At the same time, estimating those is painful, if ever possible. Note that 1b) somewhat overlaps with 3) and below

(2) Will code written against it will work with future releases?
(i.e. will there be a back-compatibility effort made in new releases?)

this question overlap greatly with 3) so much that I think it's the same question: if there is a community around it, the community will decide what is better for the evolution, including deciding if it's worth to keep back compatibility or not.


I personally like an active and balanced community more than an artificial safety on back-compatibility... because if I trust a community, I trust the fact that many people will be having the same problems that I'm facing, thus, will probably want the community to behave as I would. Community pressure keeps project honest... but, unlike, marketing doesn't hinter evolution for legacy.

  (3) Will there likely be any future versions?
      (i.e. is there still an active development person or community?)

this is, IMO, the most significant question: is there a community around it?


  (4) Are they the only guinea pigs actually using the module?
      (i.e. is there an active user community?)

this is part of 3)


The concerns you outlined are not so separate, IMO. So, in fact they are:

 1) is the code stable?
 2) is the API stable?
 3) is the community healthy?

we could come up with a multiple rating for the above:

 1) code stability status
    - under development (alpha)
    - under final testing (beta)
    - ready for production (final)

 2) contract stability status
    - under design (alpha)
    - under final testing (beta)
    - ready for production (final)

these two can be signed without creating community friction, the third question is the one that worries me the most.

On another tack, this information is mostly dynamic:

While case (1) is usually static, but see the planned cocoon-2.1.1 -> 2.1.2
release for an example of this being a little dynamic. For a stronger
example, think of a crypto module after a security hole is found and
fixed in a new release. The old version transitions from stable to condemed.
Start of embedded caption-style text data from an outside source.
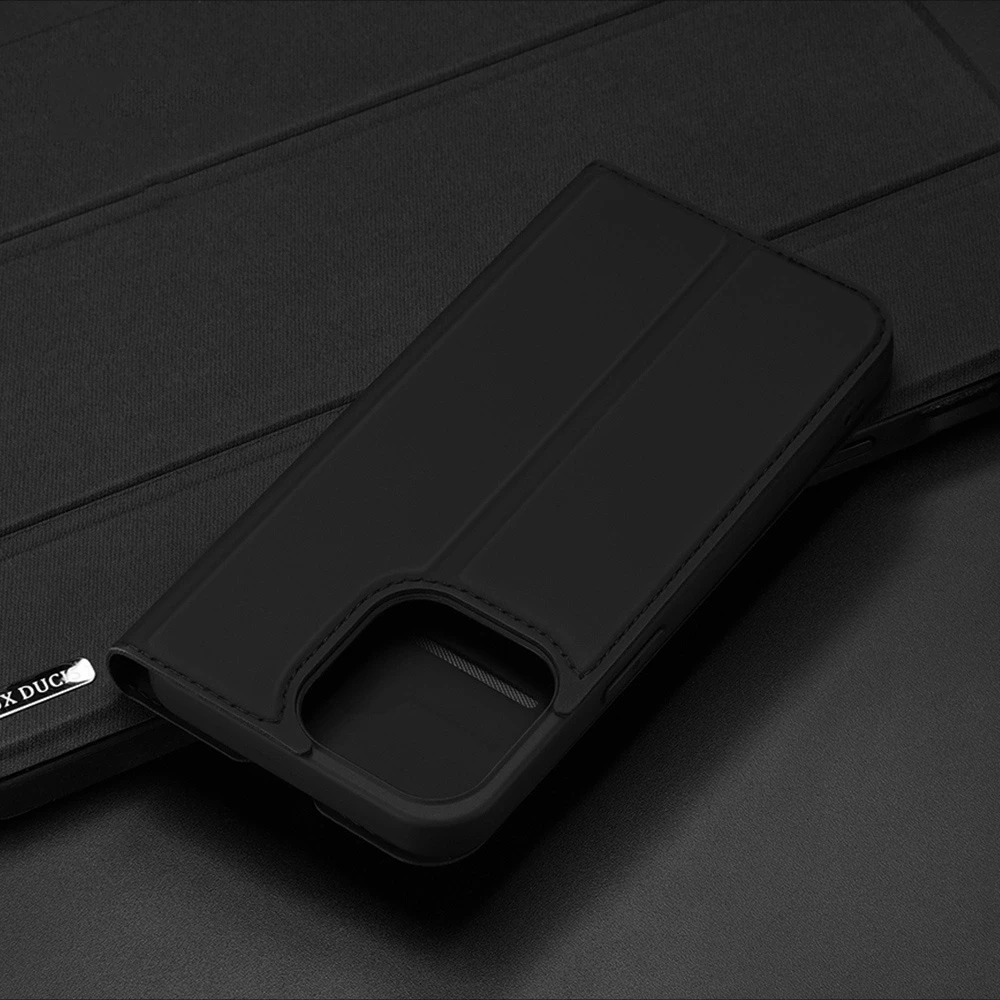Dux Ducis Skin Pro dėklas skirtas Apple iPhone 13 Pro Max, juodas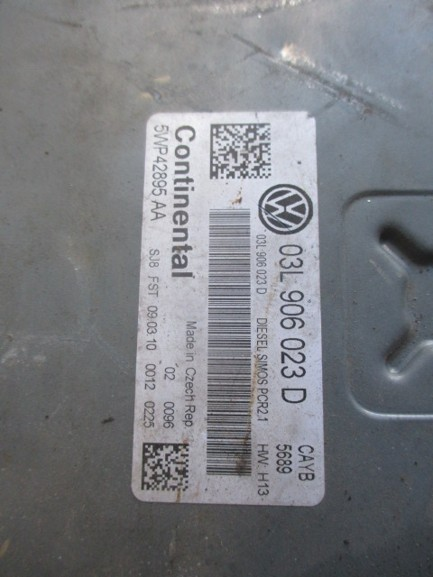 Volkswagen Polo 6R anno dal 2009 al 2017 Centralina motore ecu Continetal 5WP42895AA 03L906023D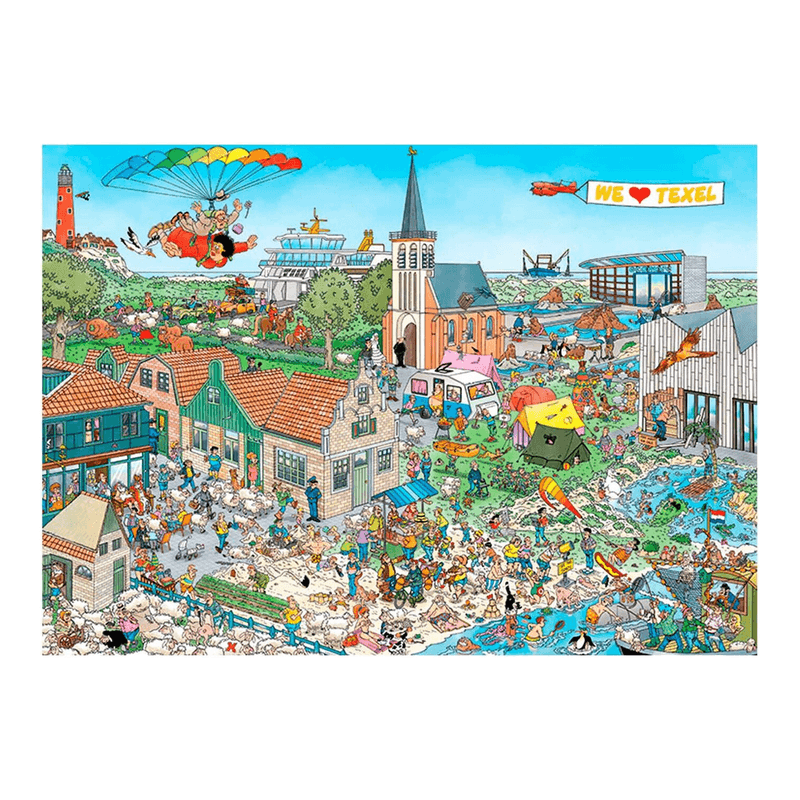 Jan Van Haasteren Eiland Retreat Puzzel - 1000 stuks, Multikleur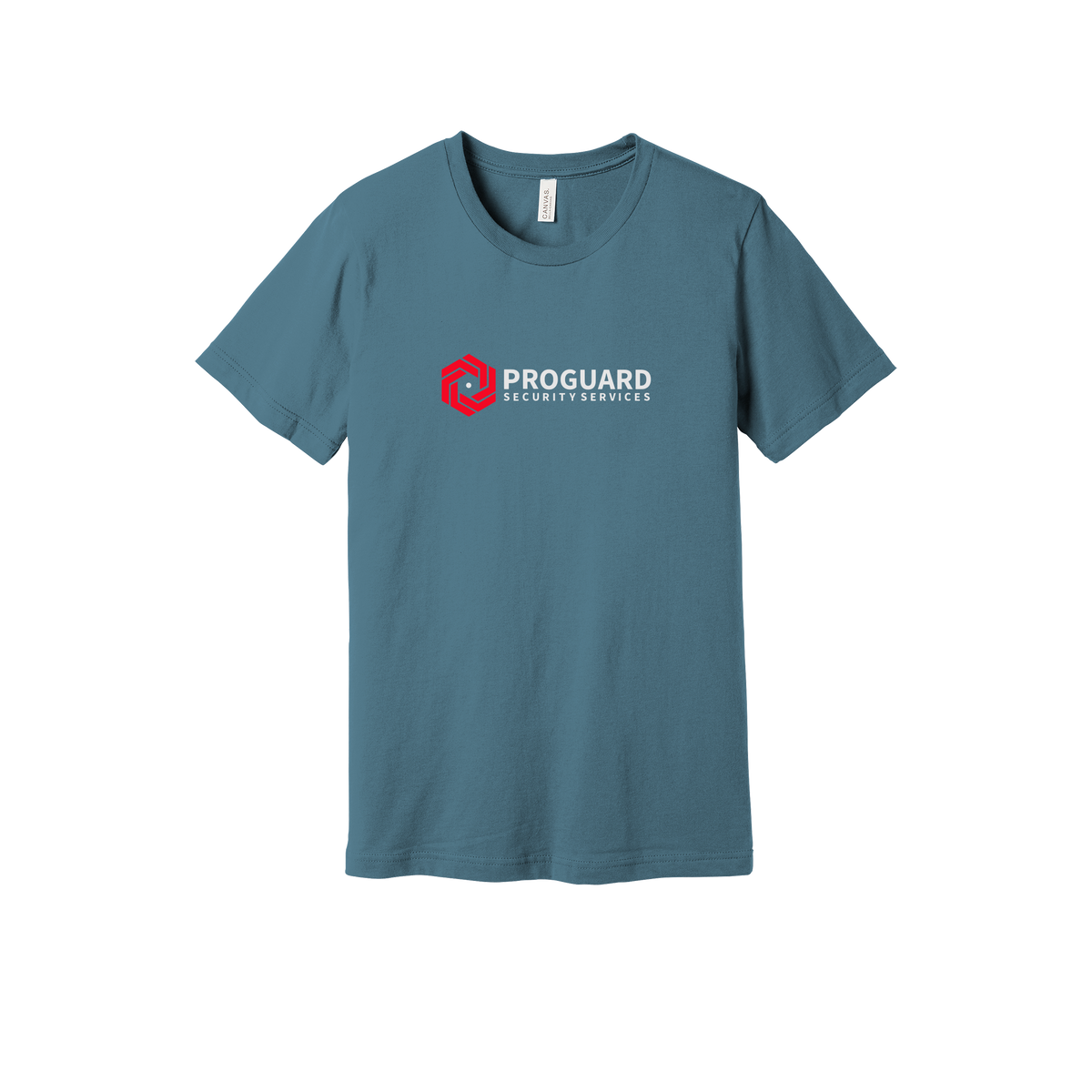 proguardsecurityservices-everyday-essentials-short-sleeve-tee-dtf-front-BC3001-steelblue-flat-front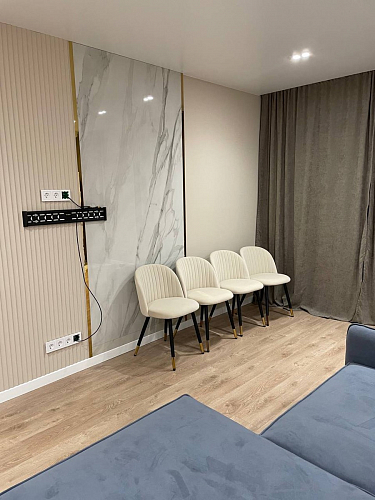 Стул на металлокаркасе Gabi 1 light purple / black фото покупателя 510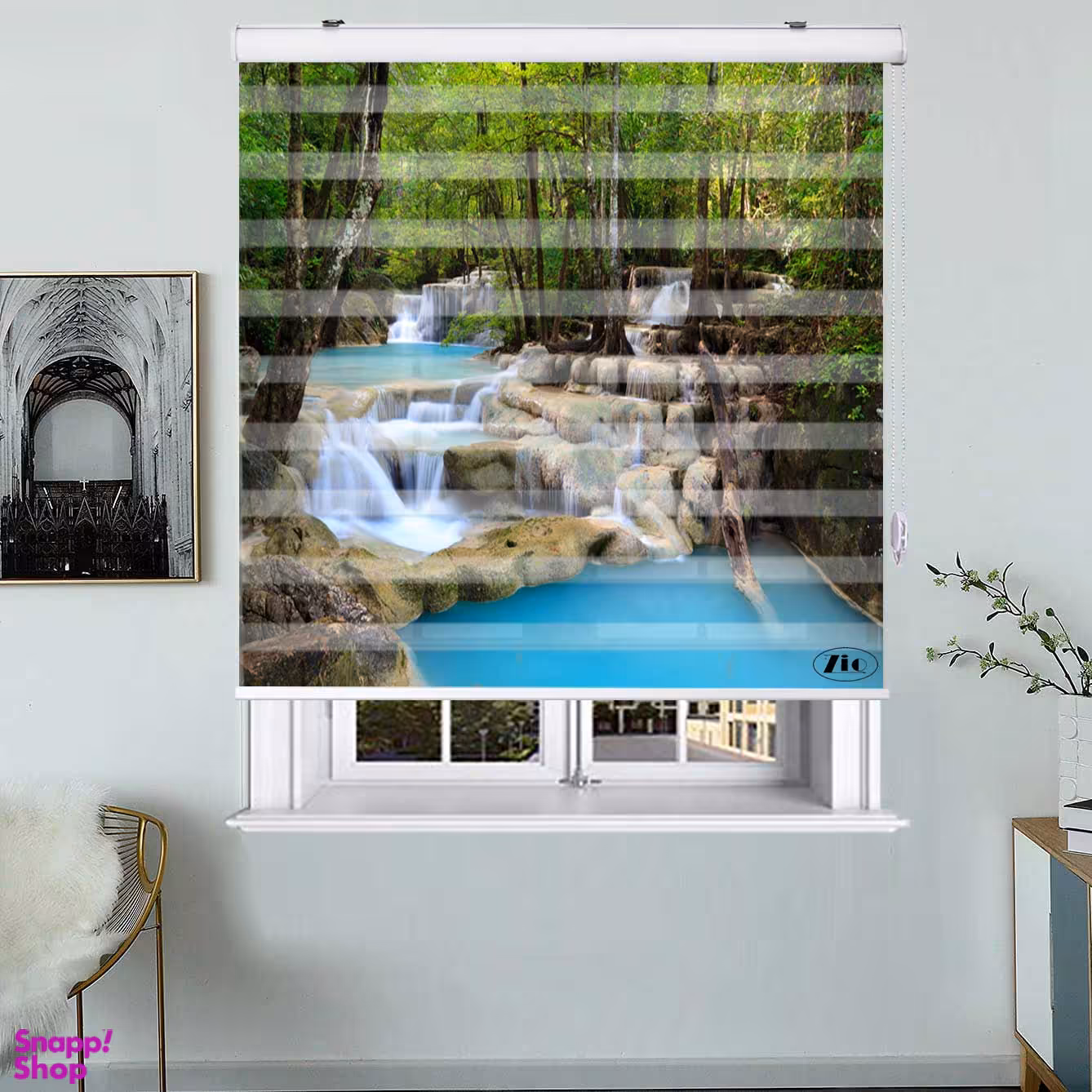 پرده زبرا زیو مدل L5014 سایز 200x150 سانتی متر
The above suggests one simple, but really important thing:


the block 'health' metadata should *NOT* be included in the block, but should be looked up from a centralized 'weather reporter' part of the block librarian.
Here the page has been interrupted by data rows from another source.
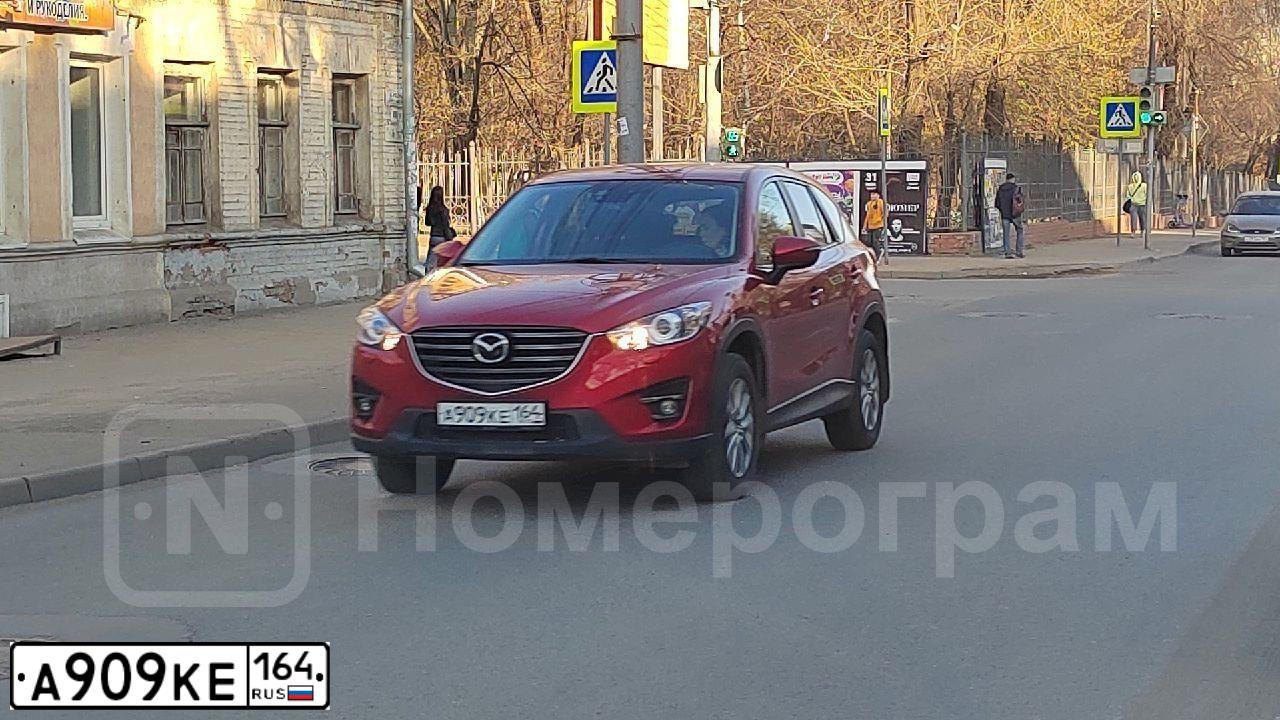 Фото автомобиля LADA 2191 GRANTA, 2015 — госномер К126УО164. Цвет: Белый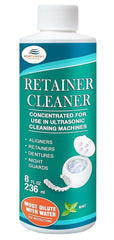 Hero image: Ultrasonic Retainer Cleaner Mint 8oz bottle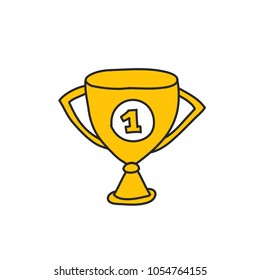 trophy cup doodle icon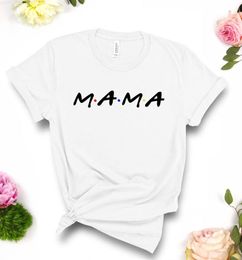 T-shirts pour femmes maman amis maman maternité fête des mères cadeau chemise mode à manches courtes femmes coton Harajuku haut graphique Emale O cou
Case (2) starts out as only an expression of intent and then transitions
when a new release is made to being an attribute of the new release that
reflects back on the release in question.
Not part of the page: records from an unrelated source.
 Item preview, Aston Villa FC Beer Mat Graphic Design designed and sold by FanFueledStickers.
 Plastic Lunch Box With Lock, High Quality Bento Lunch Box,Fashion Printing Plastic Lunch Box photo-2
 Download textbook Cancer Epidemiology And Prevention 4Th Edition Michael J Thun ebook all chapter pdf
Cases (3) and (4) are not direct attributes of the module, but rather are
attributes of the community that reflect back on the module.


In all these cases, any meta-info included in a release can only represent
a snapshot in time. This is useful, but it would be better if it could be
combined with live meta-info retrieved from the module's source site upon
download, to account for reality drift over time.

You raise a very good point: health information drifts with time and this information cannot be contained with the block.


<side-note>
Eventually it would be helpful for the source website to include the static
meta-info, live meta-info, and some pretty, graphical data from some community
data miners like Agora, etc. to help evaluate the liveliness of a module and
its developer and user communities. This could even be used by the developers
to help track what is used, what is causing problems, what can be retired, etc.
</side-note>

The ability to make sense out of complex datasets (such as mailboxes or CVS commits) is the holy grail of datamining. Agora is one attempt to provide useful information but without "pointing" fingers.


One thing that I would be *seriously* against is the establishment of any kind of mechanical "metric" about the health of a community.

This is asking for trouble. A *LOT* of trouble.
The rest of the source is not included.